Ibnu
Taimiyah
Ulama
brilian, hafal al-Qur'an sebelum baliq. Keras menentang kemaksiatan
dan syirik. Berkali-kali masuk penjara, karena menentang penguasa.
Kedai
arak, guci tuak, meja judi, hancur berkeping-keping. Para pelaku
maksiat lari lintang pukang. "Hancurkan semua! Usir orang-orang
yang ada di situ!" teriak pimpinan rombongan orang yang tampak
beringas itu.
Jangan
salah paham, itu bukan pasukan Front Pembela Islam (FPI) yang tengah
melakukan razia tempat maksiat di Jakarta. Tetapi anak buah Ibnu
Taimiyah (IT) yang sedang menghancurkan tempat-tempat maksiat,
sekitar 8 abad silam. IT dan murid-muridnya memang merasa geram
melihat kemaksiatan merajalela. Yang membuat heran, penguasa tak
berbuat apa-apa. Justru sengaja mendiamkannya sebab mendapat setoran
pajak berlimpah dari meja judi, kedai minuman, dan tempat pelacuran.

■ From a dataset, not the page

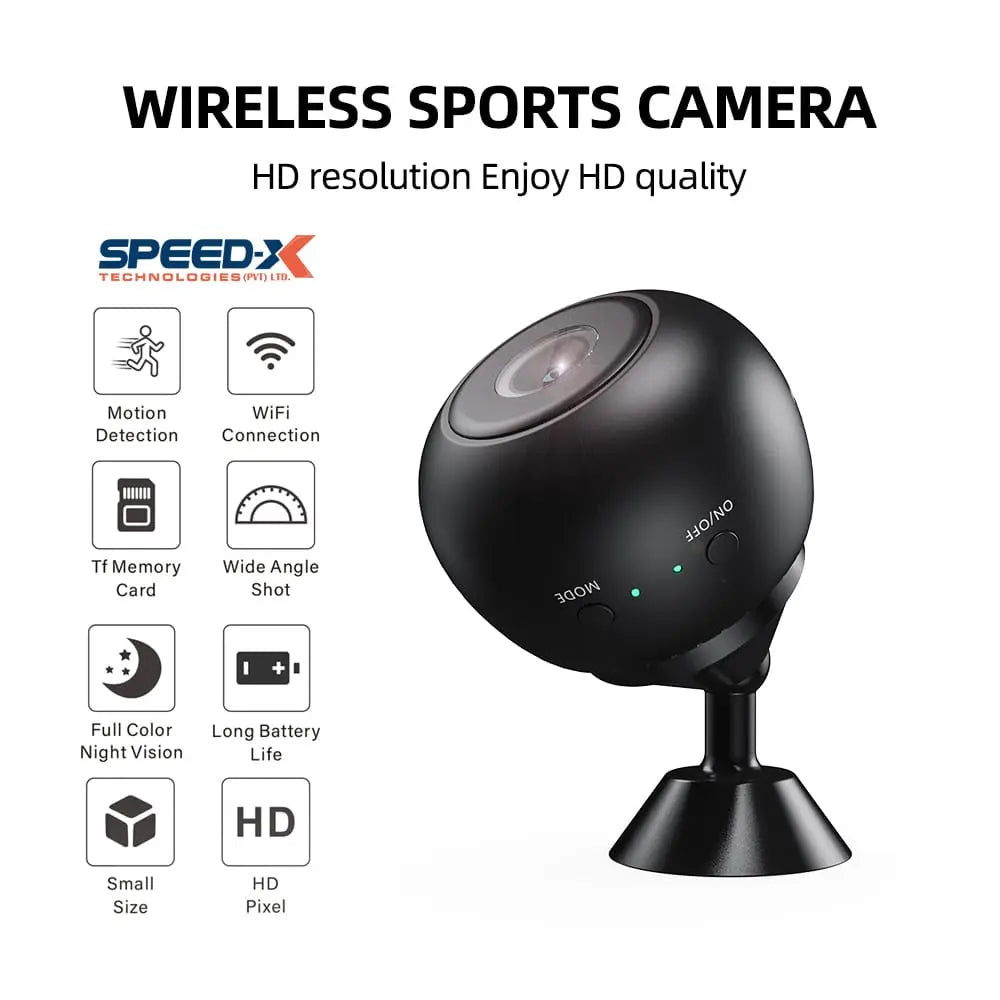 A10 1080p Hd 2 MP Wifi Mini Camera With Pix Link App | Wireless Sports Camera ZE Enterprises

Apa boleh buat, IT merasa harus mengambil inisiatif sendiri.
Bid'ah
dan syirik pun dimusnahkan. Pada bulan Rajab 704 H, IT pernah
mengerahkan puluhan pembelah batu guna menghancurkan batu besar di
sungai Quluth, pinggiran kota Damsyiq sekarang Damaskus, Syria. Batu
besar itu memang menjadi sumber kemusyrikan karena dikeramatkan dan
sering dimintai berkah warga setempat.
Tradisi
syirik orang-orang Damsyiq waktu itu tergolong parah. Seperti
diceritakan Abul Hasan Ali An-Nadawi dalam Rijalul Fikri wad-Da'wah
Fil Islam, orang Damsyiq terbiasa shalat menghadap kuburan dan
membelakangi Ka'bah. "Kubur adalah kiblat yang khusus,
sedangkan Ka'bah adalah kiblat yang umum," demikian pikiran
mereka. Orang-orang Islam lebih khusyuk berdoa di masyahid (bangunan
di atas kuburan) daripada di masjid. Mereka juga beranggapan bahwa
berziarah ke makam imam dan syaikh mereka lebih utama daripada
menunaikan haji ke Baitullah.
Aliran
sempalan juga diserangnya. Dalam kitab Minhajus Sunnah, IT
terang-terangan menentang aliran Syiah. Kitab ini lahir sebagai
respons atas terbitnya kitab Minhajul Karamah karangan ulama
besar Syiah, Ibnu Al-Muthahhar Al-Hulli. Keluasan ilmu dan wawasan
IT mampu menjungkirkan kemahiran Ibnu Al-Muthahhar dalam
membolak-balik nash al-Qur'an dan Sunnah Rasulullah saw. Barangsiapa
ingin mengetahui kedalaman ilmu, wawasan yang luas, ide-idenya yang
baru, hafalan yang kuat, kematangan, kerajinan, kemahiran, dan
kecemerlangan akal IT, bacalah Minhajus Sunnah. Begitu kata
Abul Hasan Ali An-Nadawi.
IT
tak cuma berani melawan bid'ah dan aliran sempalan. Perang pun oke.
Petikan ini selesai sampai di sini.